I have a programming problem. I have two arrays. nums1={1,7,11} and nums2={2,4,6}. I have to find out the smallest sum taking 1 number from each array upto kth time. In my example k=3. So smallest sums are {1+2=3},{1+4=5},{1+6=7}. Arrays are always in sorted order.
I have used Treemap to solve this problem.
Here we go:
public List<int[]> kSmallestPairs(int[] nums1, int[] nums2, int k) {
Map<Integer,int[]> value=new TreeMap<>();
int[]arr_hold=new int[2];
int []solve_arr=new int[k];
List<int[]> solve = new ArrayList<>();
ArrayList<Integer>add_sum= new ArrayList<>();
int sum=0;
for(int i=0;i<nums1.length;i++){
for(int j=0;j<nums2.length;j++){
sum=nums1[i]+nums2[j];
arr_hold[0]=nums1[i];
arr_hold[1]=nums2[j];
value.put(sum,arr_hold);
}
}
return solve;
}
Problems: 1.When I print System.out.println(value); Output:
{3=[I@75412c2f, 5=[I@75412c2f, 7=[I@75412c2f, 9=[I@75412c2f, 11=[I@75412c2f, 13=[I@75412c2f, 15=[I@75412c2f, 17=[I@75412c2f}
Now why the values of array arr_hold not properly displayed?

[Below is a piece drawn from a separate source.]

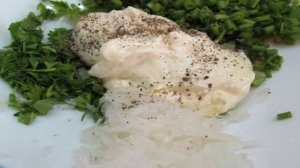 Салат с соусом из редьки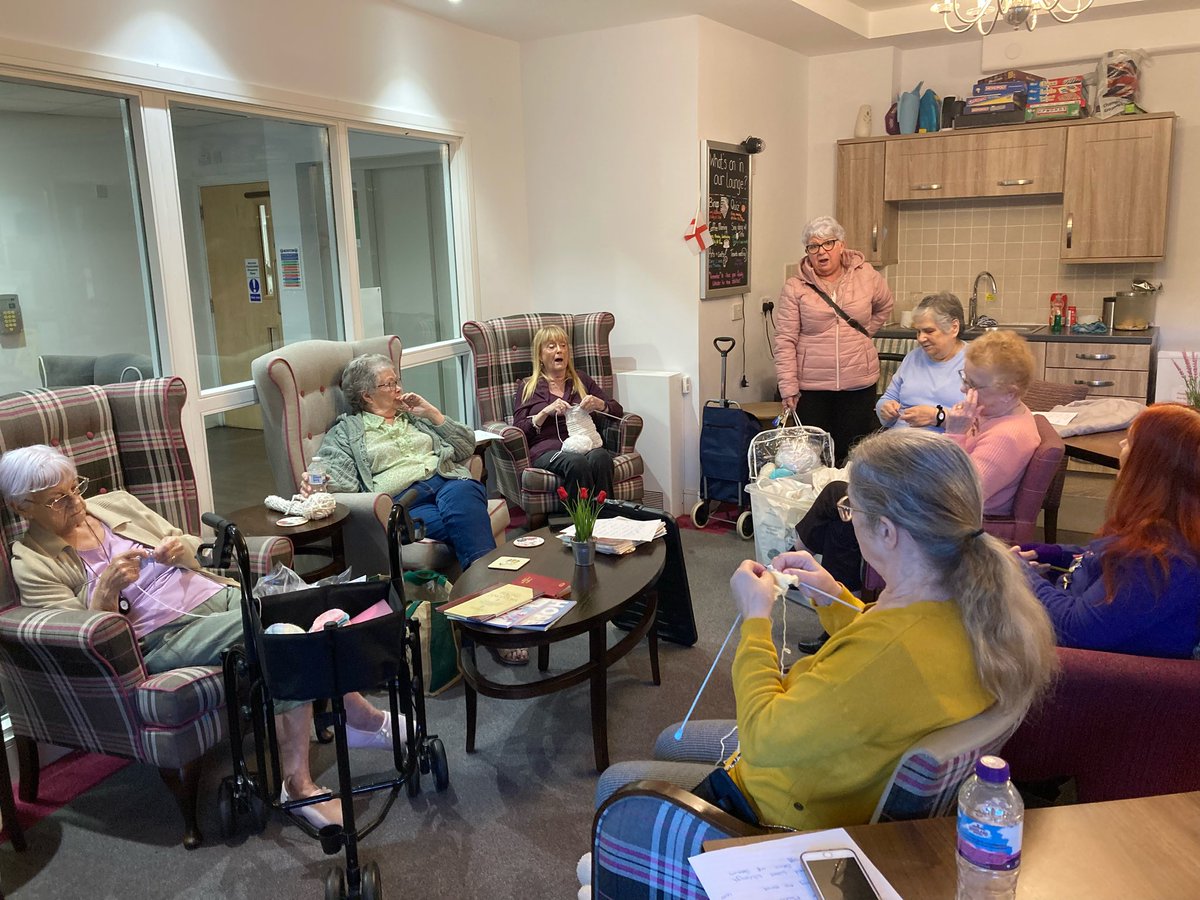 BoothmanRosalyn's tweet photo. Today at Bourke Garden we have had a very special knit and natter, we asked the ladies that took part to knit special hats for the premature unit @MarysHospital @DawnSpeed9 @ForHousing thank you ladies https://t.co/nsG8HLnLSj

As I am taking Treemap it already show me the output in a sorted format. So if I taking 1st,2nd,3rd value from tree map my problem will be solved. But the constraint here is
value.get() method
searching element depend upon the key value. So if I am taking a loop to fetch the 3 smallest value from treemap it give me null output as keys mismatched.
for(int k1=0;k1<k;k1++){
System.out.println(value.get(k1));
}
Output: null
null
null
How could I solve my problem in my way?
What about this:
import java.util.ArrayList;
import java.util.List;
public class KSmallestPairs {
public static void main(String[] args) {
System.out.println(kSmallestPairs(new int[]{1,7,11}, new int[]{2,4,6}, 3));
}
public static List<SumPair> kSmallestPairs(int[] leftInts, int[] rightInts, int k) {
if (k < 1) {
throw new IllegalArgumentException("k (=" + k + ") must higher than 0!");
} else if (leftInts.length * rightInts.length < k) {
throw new IllegalArgumentException("k (=" + k
+ ") cannot be higher than the length of the cartesian product (="
+ leftInts.length * rightInts.length + ")");
}
final List<SumPair> sumPairs = new ArrayList<>();
int minLeftIndex = 0;
int minRightIndex = 0;
for (int leftIndex = 0, rightIndex = 0;
leftIndex < leftInts.length
&& rightIndex < rightInts.length
&& sumPairs.size() < k; ) {
final int leftInt = leftInts[leftIndex];
final int rightInt = rightInts[rightIndex];
sumPairs.add(new SumPair(leftInt, rightInt));
if(leftIndex + 1 < leftInts.length && rightIndex + 1 < rightInts.length) {
final int nextLeftInt = leftInts[leftIndex + 1];
final int nextRightInt = rightInts[rightIndex + 1];
final int sumOfLeftIntAndNextRightInt = leftInt + nextRightInt;
final int sumOfNextLeftIntAndRightInt = nextLeftInt + rightInt;
if(sumOfLeftIntAndNextRightInt < sumOfNextLeftIntAndRightInt) {
rightIndex++;
} else {
leftIndex++;
}
} else if(leftIndex + 1 < leftInts.length) {
leftIndex++;
rightIndex = minRightIndex;
minLeftIndex++;
} else if(rightIndex + 1 < rightInts.length) {
leftIndex = minLeftIndex;
rightIndex++;
minRightIndex++;
}
}
return sumPairs;
}
static class SumPair {
private final int leftInt;
private final int rightInt;
public SumPair(int leftInt, int rightInt) {
this.leftInt = leftInt;
this.rightInt = rightInt;
}
public int getLeftInt() {
return leftInt;
}
public int getRightInt() {
return rightInt;
}
public int getSum() {
return leftInt + rightInt;
}
@Override
public String toString() {
return leftInt + "+" + rightInt + "="+ getSum();
}
}
}
Output:
[1+2=3, 1+4=5, 1+6=7, 7+2=9]
It eagerly finds the k smallest sum pairs.